Egea Biosciences Inc.'s expertise comes close to the making of "designer proteins."

CEO Glen Evans said that what combinatorial chemistry has been able to do with small molecules, San Diego-based Egea has been able to do with proteins.

Evans not only was one of the co-founders of Nanogen Inc., also of San Diego, he was the Eugene McDermott distinguished professor in human growth and development and director of the Human Genome Sequencing Center at the University of Texas Southwestern Medical Center at Dallas.

"Our group was one of the co-authors" of the 2000 study mapping the human genome, completing the government-funded version of the Human Genome Project.

As the funding dried up for the Human Genome Project, Evans decided he would move outside the world of academia and into the biotech business world. He founded Egea in 2000.

"I had been on the sidelines of biotechnology, and it was never my intention to leave academics entirely," Evans said. But he also readily admits that leading a small biotech company is "so exciting and such a dramatic change from academic life."

The speed at which the company operates, in addition to the direction it can take, are all advantages.

Plus, he said, "It is much more straightforward to raise investment funds than it is to get grants."

Fortunately for Egea, the federal government decided to offer the company about $3.5 million in grant money for equipment and infrastructure associated with the Human Genome Project as it was being formed.

Since then, the company has raised a little more than $10 million, with the remainder of its funding coming from corporate collaborations. Evans noted that he was actually in the enviable position of being able to "turn down" venture funds that were available late in 2002.

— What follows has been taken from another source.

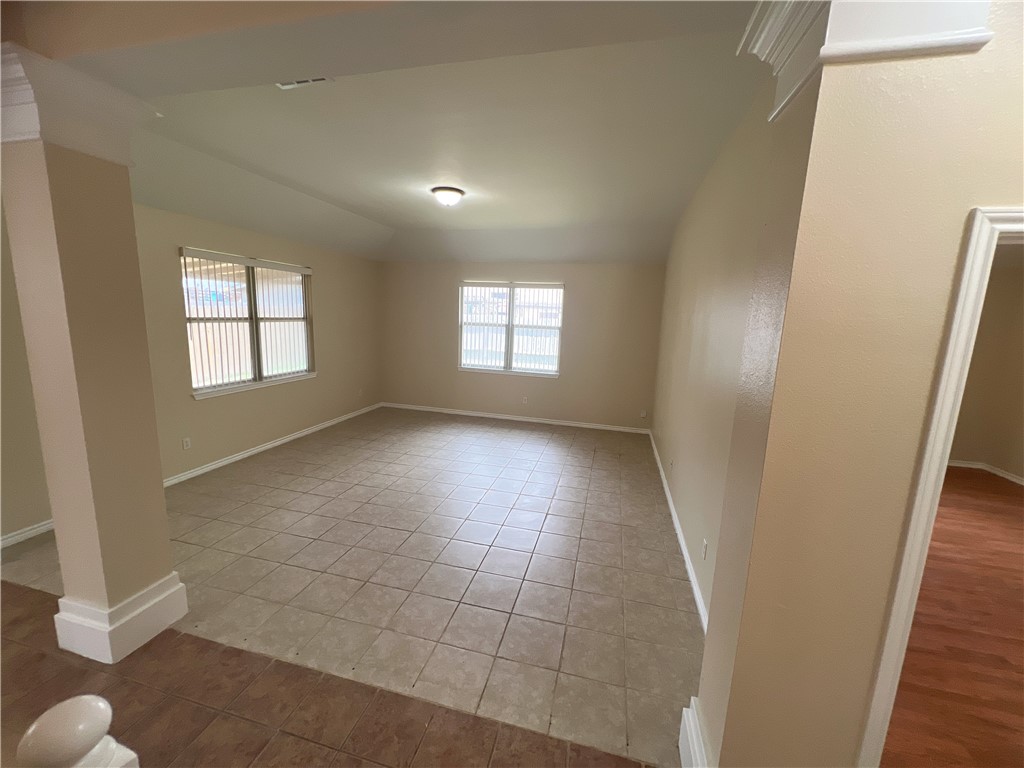 3905 Annemasse Dr Property Photo 20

In mid-April, Egea reported that it had formed an exclusive research collaboration with Centocor Inc., a Johnson & Johnson company based in Malvern, Pa.

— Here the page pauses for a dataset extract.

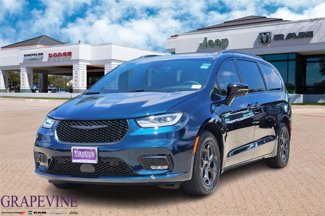 New 2025 Chrysler Pacifica Select image 1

"The collaboration with Centocor is across a whole variety of disease areas and drug categories," he said, noting that includes new proteins and monoclonal antibodies.

Financial terms of the collaboration were not disclosed.

One of the reasons Egea is able to concentrate on designer proteins is due to the technology spun out of the Human Genome Project, Evans said.

"Writing in that same code, we are engineering human proteins in a way that's never been possible before," he said.

And the company can "very rapidly generate a very specific library of variants" to proteins that might make them better, for example, by being more efficacious. Egea's two platforms are GeneWriter and Protein Programming, which is a way to produce large protein libraries with directed changes, with an emphasis on a directed rather than a random process.

"In addition," the company said, "proteins developed using Egea's technology can be manufactured in bacteria or any other host, avoiding the significant manufacturing challenges and expense found with most current protein drugs produced in mammalian cells."

Egea's business model involves producing protein-based drugs while entering collaborations with other companies for which it may be able to improve existing drugs.

And while it may be awhile before the company is in the full throes of clinical trials, Evans' estimation of being 18 months away from the clinic is a position he'll happily take for his young company. Deals with other companies provide the funding necessary for Egea, which has 36 employees, to pursue its own projects.

In its beginning, the company also sold genes on almost a fee-for-service basis, something Evans described as "a very poor business" because it is "a commodity-based business" that offers only small margins.

"The real [value] is that we make things that have never been invented before," Evans said. "It's a very intentional business model that we've chosen," he said, adding, "It's the drugs that have an immense value."